_WORK INSTRUCTIONS_
Keep the pictures out. Copy every line of the listing exactly.

_THE INPUT_
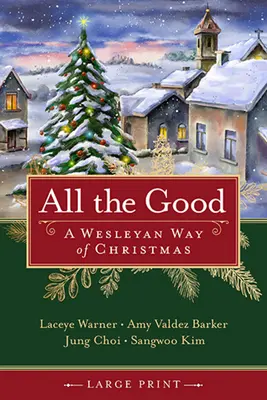 Minden jó: A Wesleyan Way of Christmas - All the Good: A Wesleyan Way of Christmas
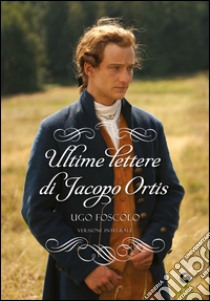 Ultime lettere di Jacopo Ortis: Versione integrale. E-book. Formato EPUB ebook di Ugo Foscolo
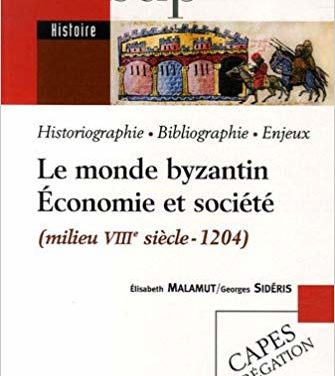 Le monde byzantin – Economie et société (milieu VIIIème siècle- 1204)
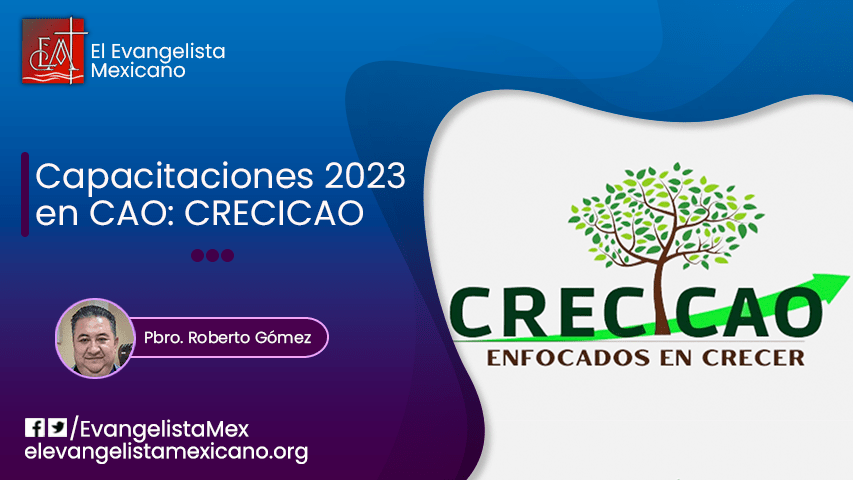 CAPACITACIONES 2023 EN CAO:&nbsp;CRECICAO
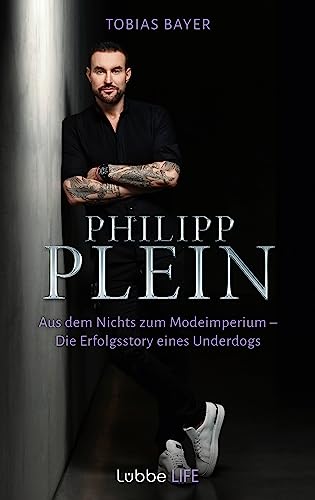 Philipp Plein: Aus dem Nichts zum Modeimperium. Die Erfolgsstory eines Underdogs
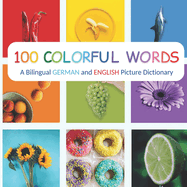 100 Colorful Words: A Bilingual German and English Picture Dictionary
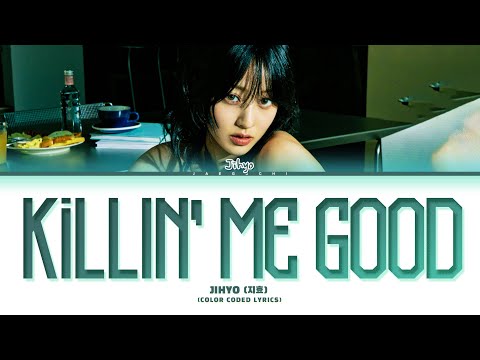 JIHYO Killin' Me Good Lyrics (지효 Killin' Me Good 가사) (Color Coded Lyrics)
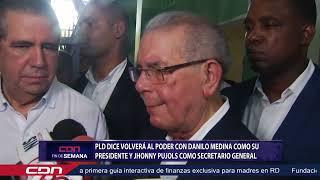 PLD dice volverá al poder con Danilo Medina como su presidente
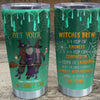 Witch Friends Get your witchy on Custom 20oz Stainless Steel Tumbler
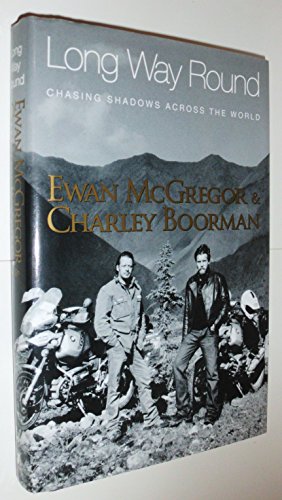 cover image LONG WAY ROUND: Chasing Shadows Across the World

_RESPONSE AREA_
 Minden jó: A Wesleyan Way of Christmas - All the Good: A Wesleyan Way of Christmas
 Ultime lettere di Jacopo Ortis: Versione integrale. E-book. Formato EPUB ebook di Ugo Foscolo
 Le monde byzantin – Economie et société (milieu VIIIème siècle- 1204)
 CAPACITACIONES 2023 EN CAO:&nbsp;CRECICAO
 Philipp Plein: Aus dem Nichts zum Modeimperium. Die Erfolgsstory eines Underdogs
 100 Colorful Words: A Bilingual German and English Picture Dictionary
 JIHYO Killin' Me Good Lyrics (지효 Killin' Me Good 가사) (Color Coded Lyrics)
 PLD dice volverá al poder con Danilo Medina como su presidente
 Witch Friends Get your witchy on Custom 20oz Stainless Steel Tumbler
 cover image LONG WAY ROUND: Chasing Shadows Across the World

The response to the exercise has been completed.